**Data records**.
------------------------------

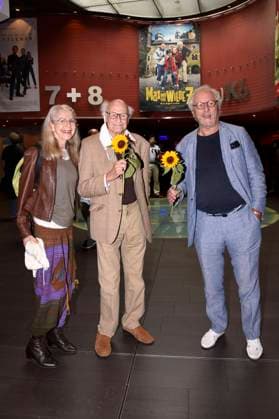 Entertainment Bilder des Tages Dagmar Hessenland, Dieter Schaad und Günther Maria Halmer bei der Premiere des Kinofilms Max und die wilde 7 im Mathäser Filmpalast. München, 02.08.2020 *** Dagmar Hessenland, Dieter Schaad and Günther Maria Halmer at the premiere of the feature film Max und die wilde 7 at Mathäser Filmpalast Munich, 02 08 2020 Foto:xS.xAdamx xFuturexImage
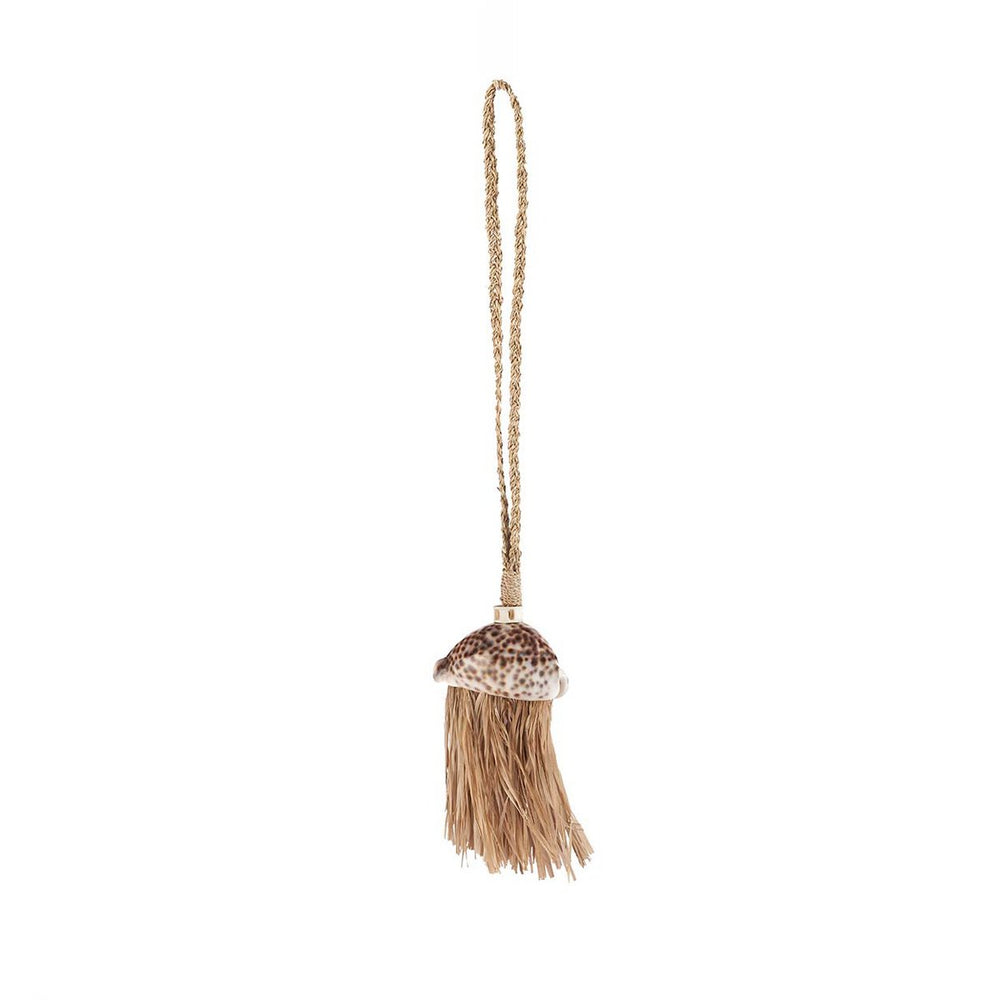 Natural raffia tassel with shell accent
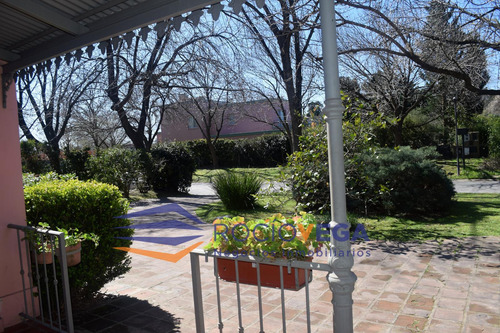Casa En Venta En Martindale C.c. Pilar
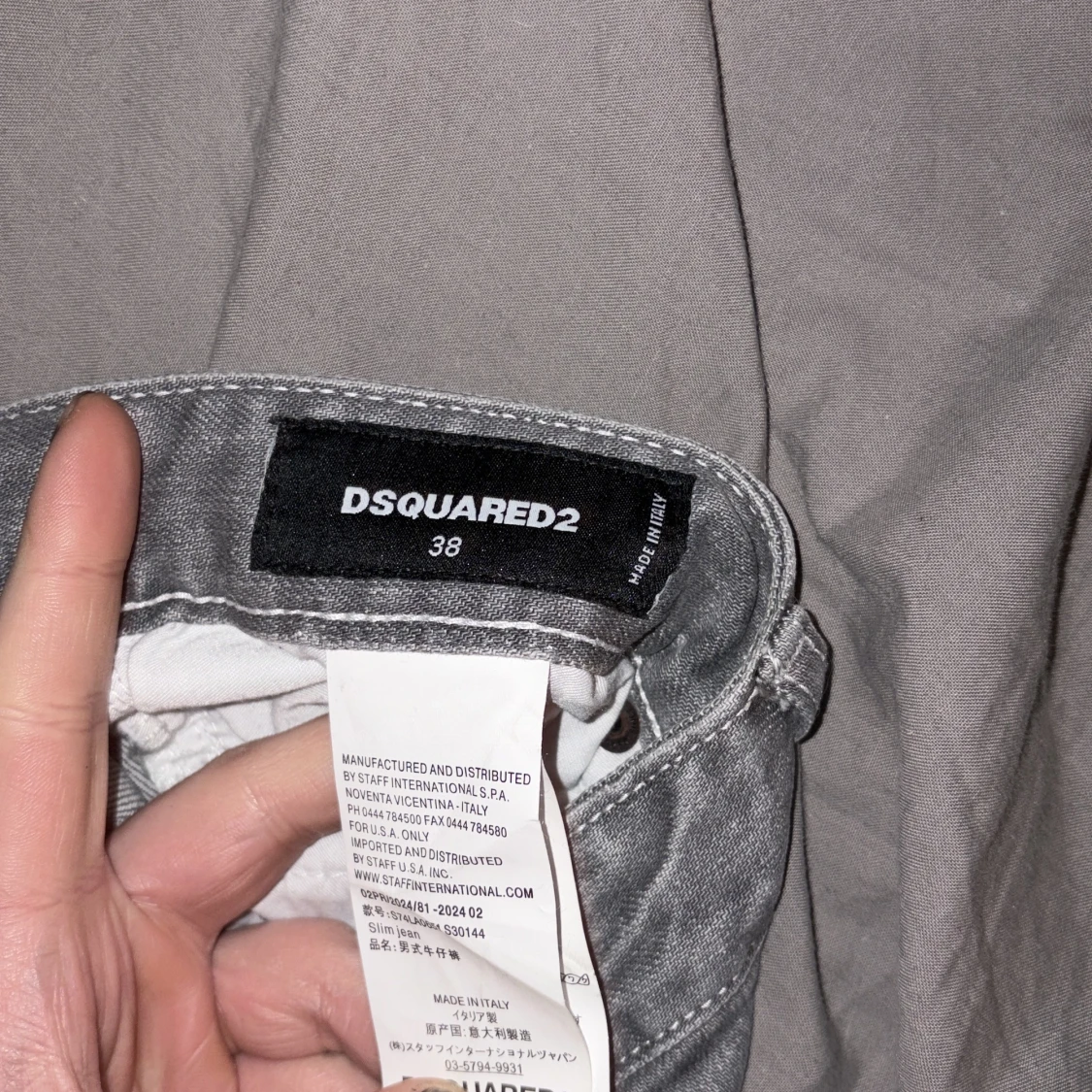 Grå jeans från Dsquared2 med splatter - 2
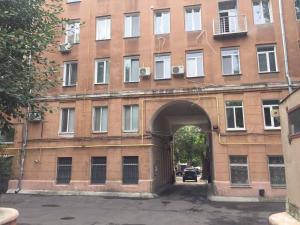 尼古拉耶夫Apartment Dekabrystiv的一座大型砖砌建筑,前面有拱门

------------------------------

**Problem**. The copy you return must match the records above exactly, minus any images.

**Exercise result**.
 Entertainment Bilder des Tages Dagmar Hessenland, Dieter Schaad und Günther Maria Halmer bei der Premiere des Kinofilms Max und die wilde 7 im Mathäser Filmpalast. München, 02.08.2020 *** Dagmar Hessenland, Dieter Schaad and Günther Maria Halmer at the premiere of the feature film Max und die wilde 7 at Mathäser Filmpalast Munich, 02 08 2020 Foto:xS.xAdamx xFuturexImage
 Natural raffia tassel with shell accent
Casa En Venta En Martindale C.c. Pilar
 Grå jeans från Dsquared2 med splatter - 2
 尼古拉耶夫Apartment Dekabrystiv的一座大型砖砌建筑,前面有拱门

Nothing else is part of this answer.